What to produce:
Leaving the images aside, transcribe all the data below exactly.

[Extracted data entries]
-.-.-

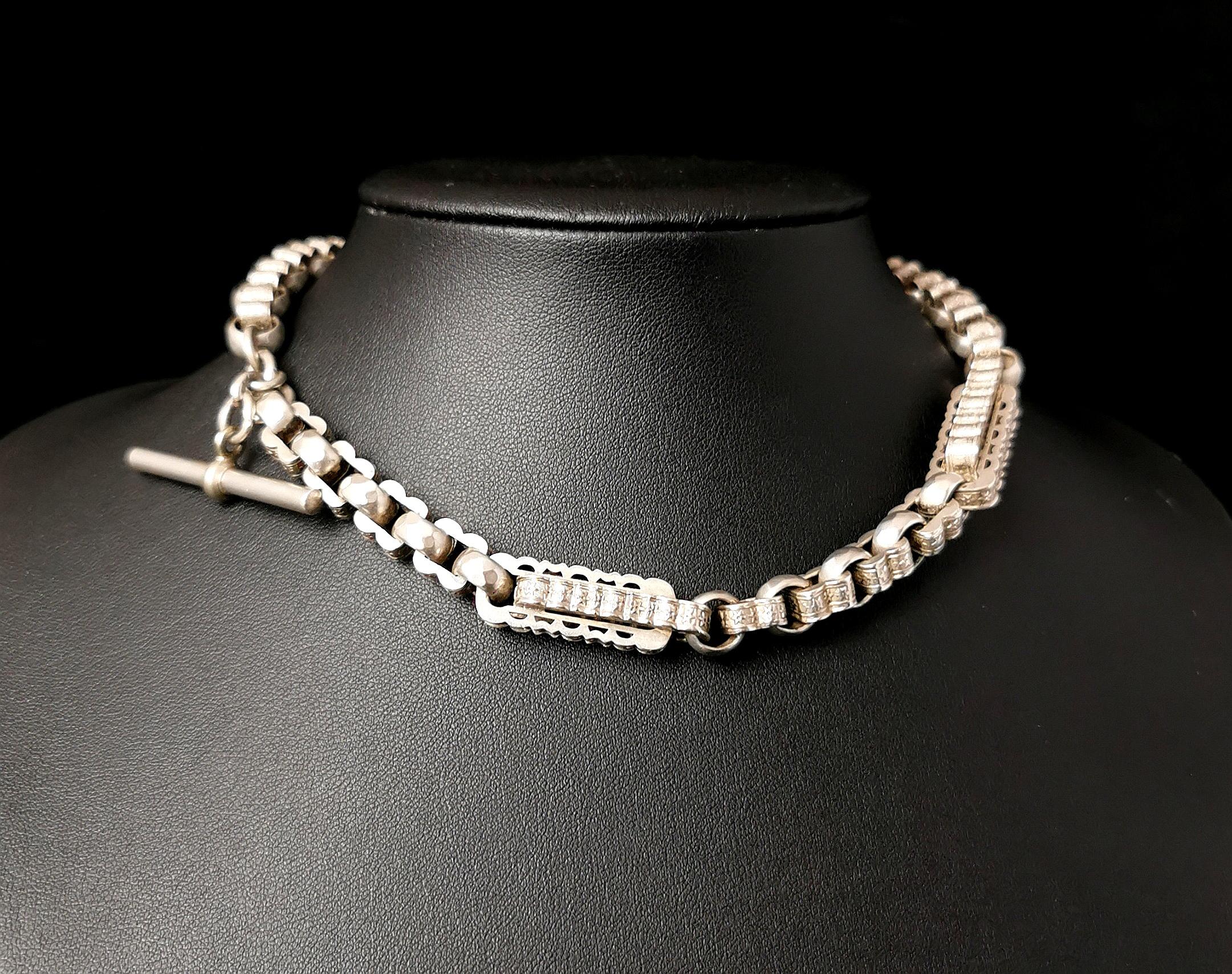 A heavy and chunky antique Victorian era, fancy link silver Albert chain.

Nice chunky engraved and embossed bar links intercepted with big faceted rolo links and further smaller embossed links.

The chain is made from sterling silver and is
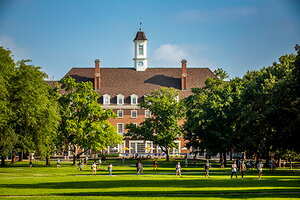 View across the green quad and trees to the Union 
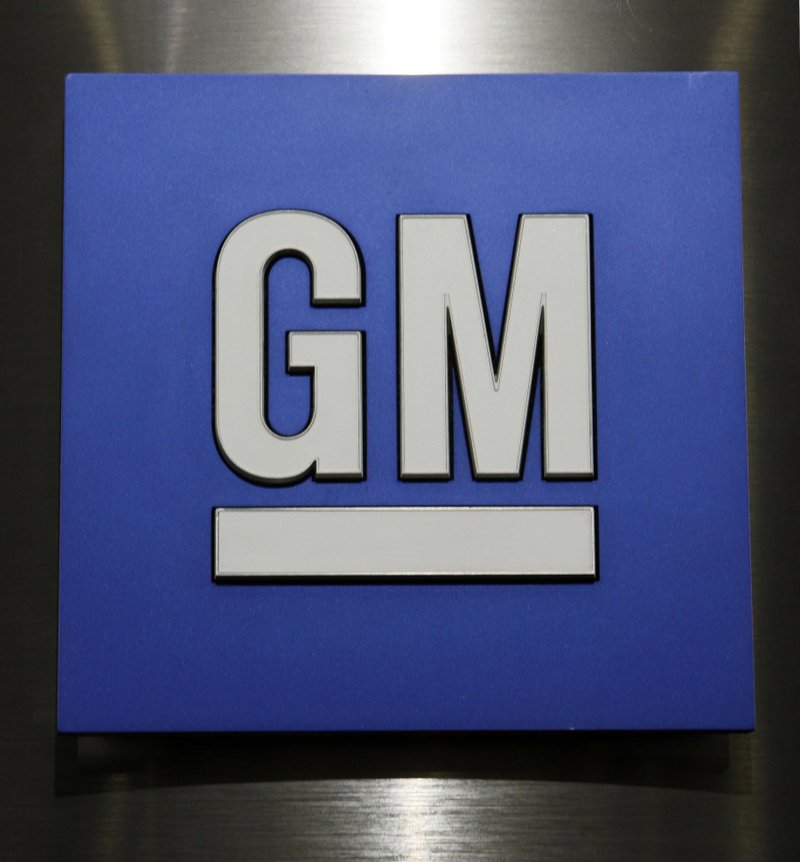 This Jan. 25, 2010, file photo, shows a General Motors Co. logo during a news conference in Detroit. General Motors on Thursday, Sept. 13, 2018, is recalling more than a million big pickup trucks and SUVs in the U.S. because of power-assisted steering problems that have been cited in a number of accidents.  (AP Photo/Paul Sancya, File)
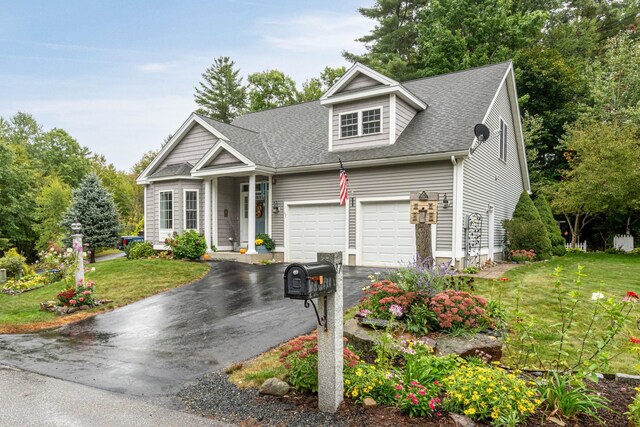 view of front of home with a front yard and a garage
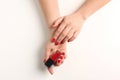 Woman with red manicure holding nail polish bottle on white background Royalty Free Stock Photo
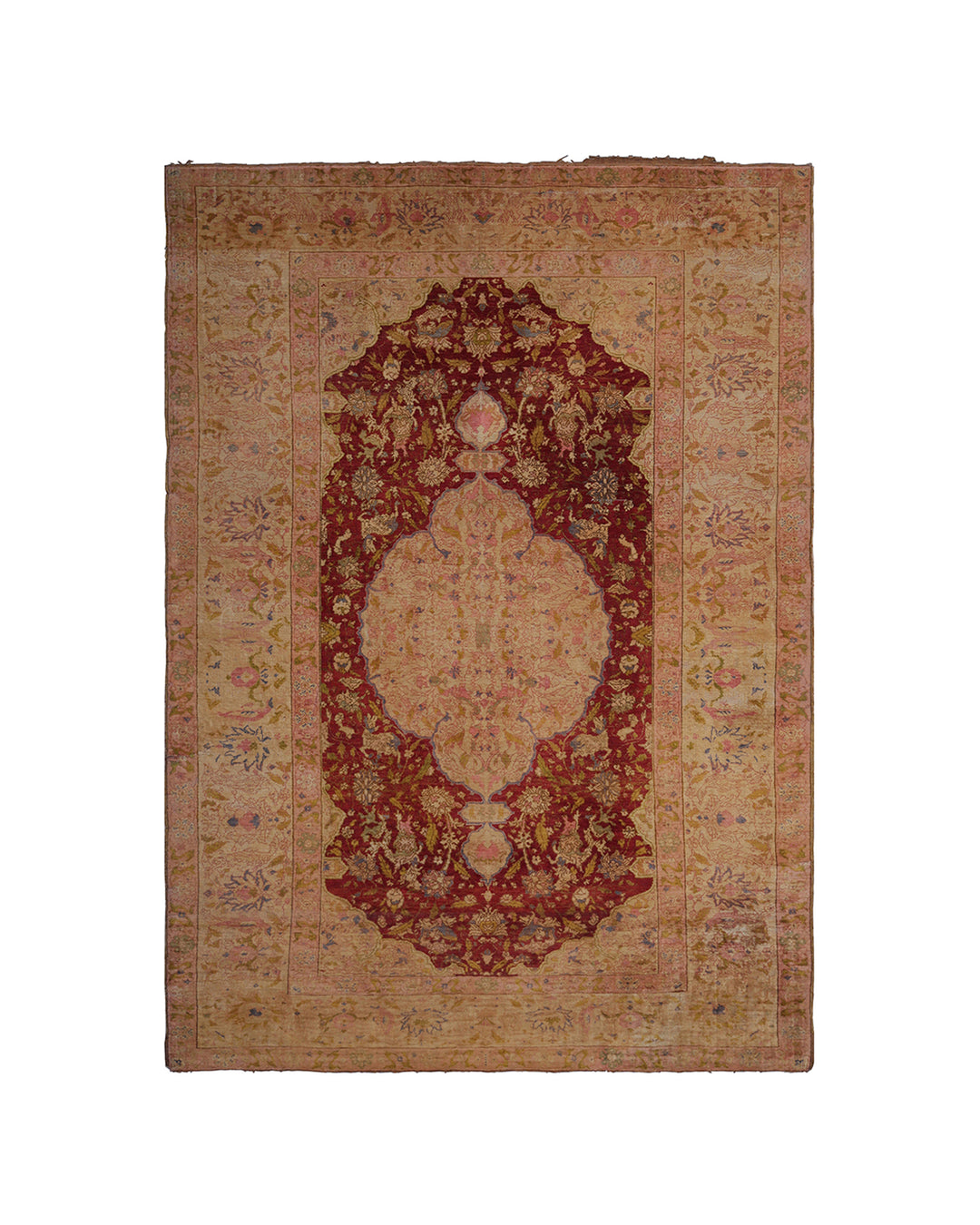 Vintage-style rug with intricate design on a plain background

-.-.-

Written answer:
 A heavy and chunky antique Victorian era, fancy link silver Albert chain.

Nice chunky engraved and embossed bar links intercepted with big faceted rolo links and further smaller embossed links.

The chain is made from sterling silver and is
 View across the green quad and trees to the Union 
 This Jan. 25, 2010, file photo, shows a General Motors Co. logo during a news conference in Detroit. General Motors on Thursday, Sept. 13, 2018, is recalling more than a million big pickup trucks and SUVs in the U.S. because of power-assisted steering problems that have been cited in a number of accidents.  (AP Photo/Paul Sancya, File)
 view of front of home with a front yard and a garage
 Woman with red manicure holding nail polish bottle on white background Royalty Free Stock Photo
 Vintage-style rug with intricate design on a plain background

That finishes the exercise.